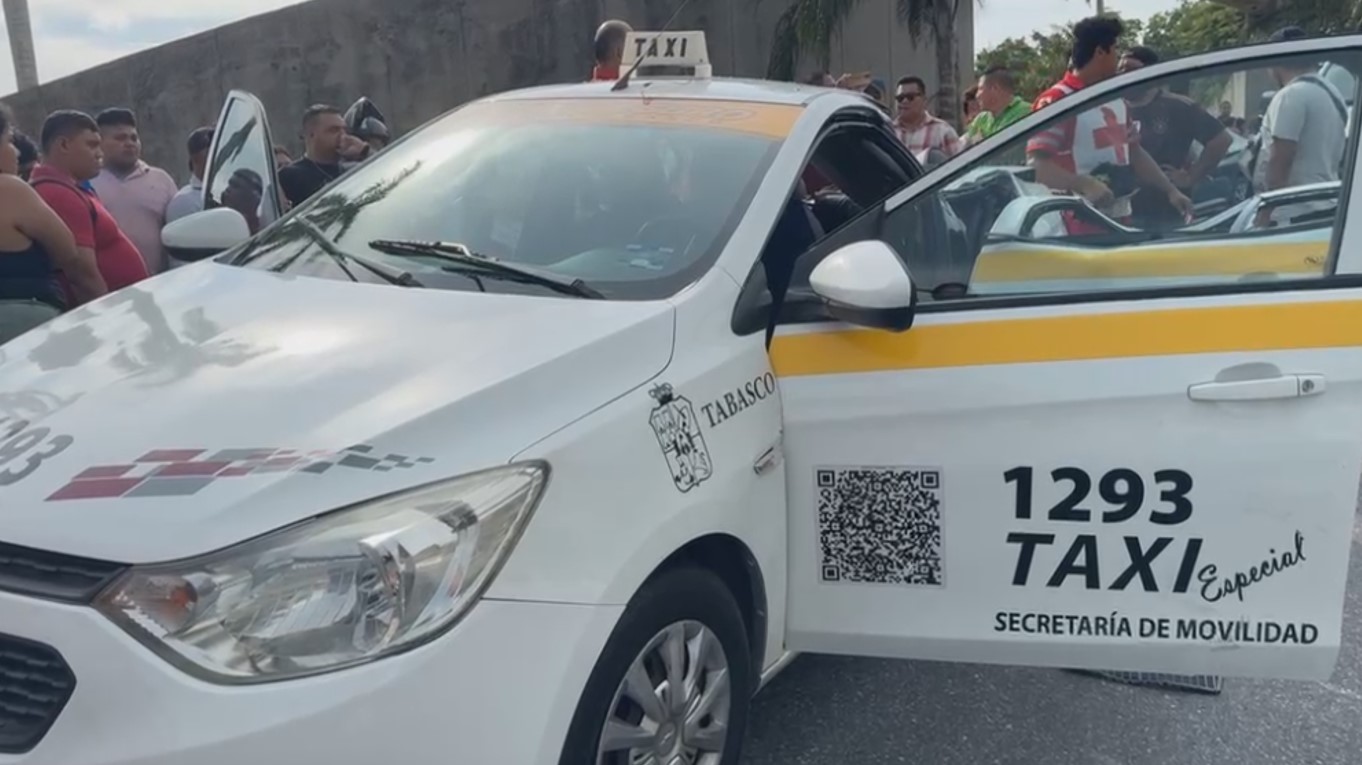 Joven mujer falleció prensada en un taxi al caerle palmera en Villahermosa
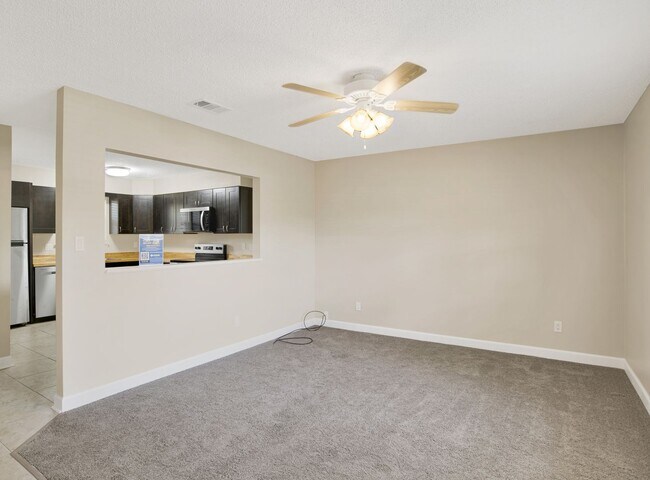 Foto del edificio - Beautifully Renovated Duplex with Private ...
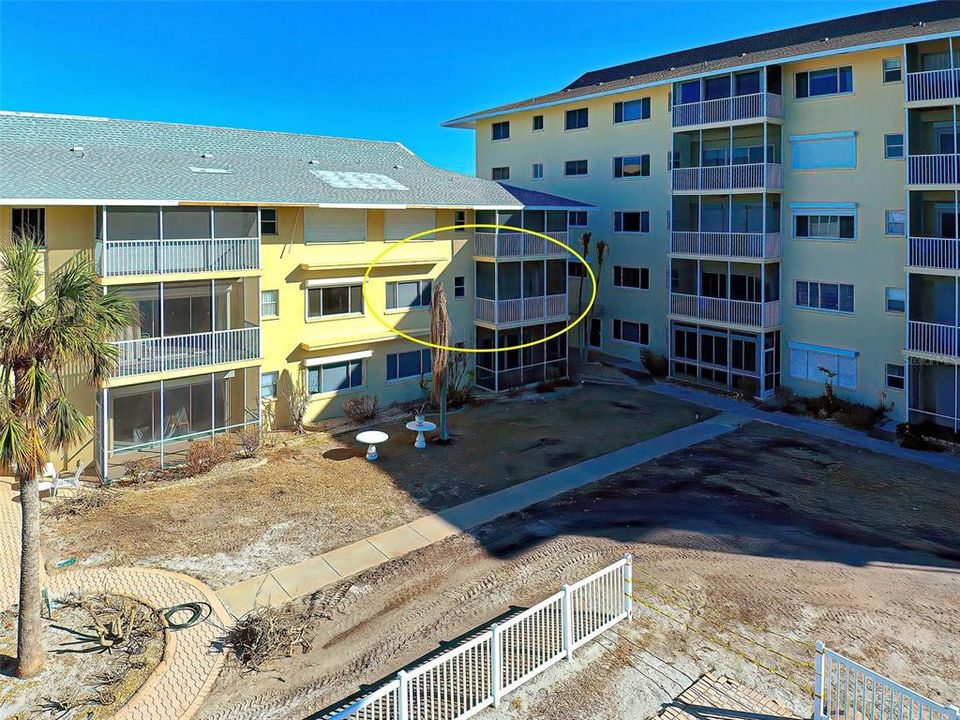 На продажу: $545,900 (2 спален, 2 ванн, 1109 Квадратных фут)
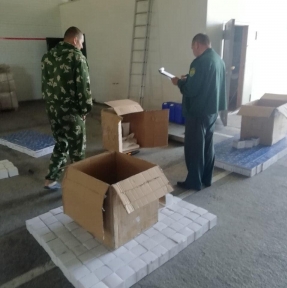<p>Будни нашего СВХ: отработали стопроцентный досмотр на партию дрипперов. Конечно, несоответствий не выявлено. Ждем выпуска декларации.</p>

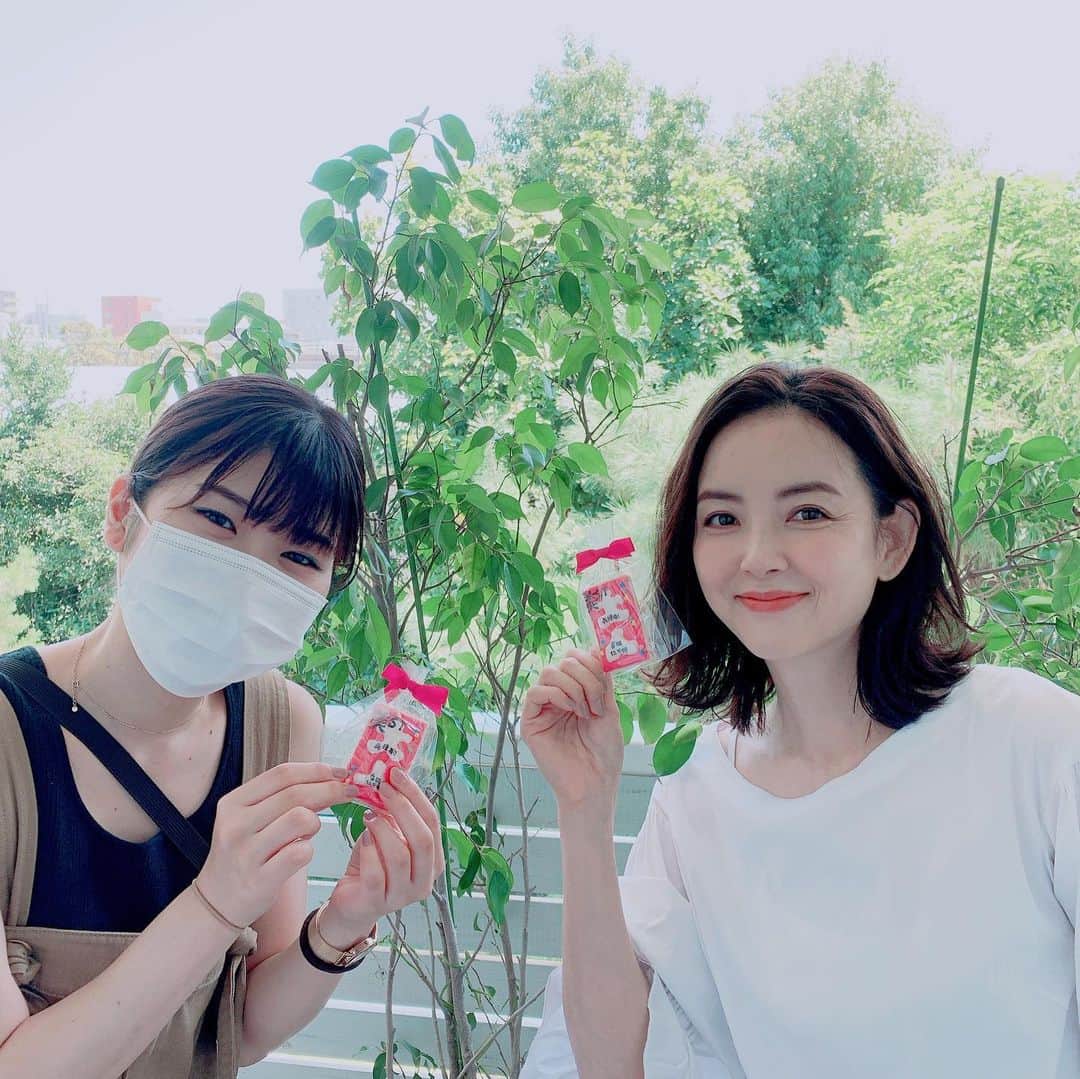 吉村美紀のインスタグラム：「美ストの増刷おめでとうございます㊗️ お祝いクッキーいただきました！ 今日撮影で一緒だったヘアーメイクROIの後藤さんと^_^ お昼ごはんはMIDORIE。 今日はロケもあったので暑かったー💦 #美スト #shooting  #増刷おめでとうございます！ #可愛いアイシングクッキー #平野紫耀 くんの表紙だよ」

> [TASK INSTRUCTIONS] Reproduce all of the material above word for word. Omit the pictures.

> [PROBLEM SOLUTION]
 Joven mujer falleció prensada en un taxi al caerle palmera en Villahermosa
 Foto del edificio - Beautifully Renovated Duplex with Private ...
 На продажу: $545,900 (2 спален, 2 ванн, 1109 Квадратных фут)
<p>Будни нашего СВХ: отработали стопроцентный досмотр на партию дрипперов. Конечно, несоответствий не выявлено. Ждем выпуска декларации.</p>

 吉村美紀のインスタグラム：「美ストの増刷おめでとうございます㊗️ お祝いクッキーいただきました！ 今日撮影で一緒だったヘアーメイクROIの後藤さんと^_^ お昼ごはんはMIDORIE。 今日はロケもあったので暑かったー💦 #美スト #shooting  #増刷おめでとうございます！ #可愛いアイシングクッキー #平野紫耀 くんの表紙だよ」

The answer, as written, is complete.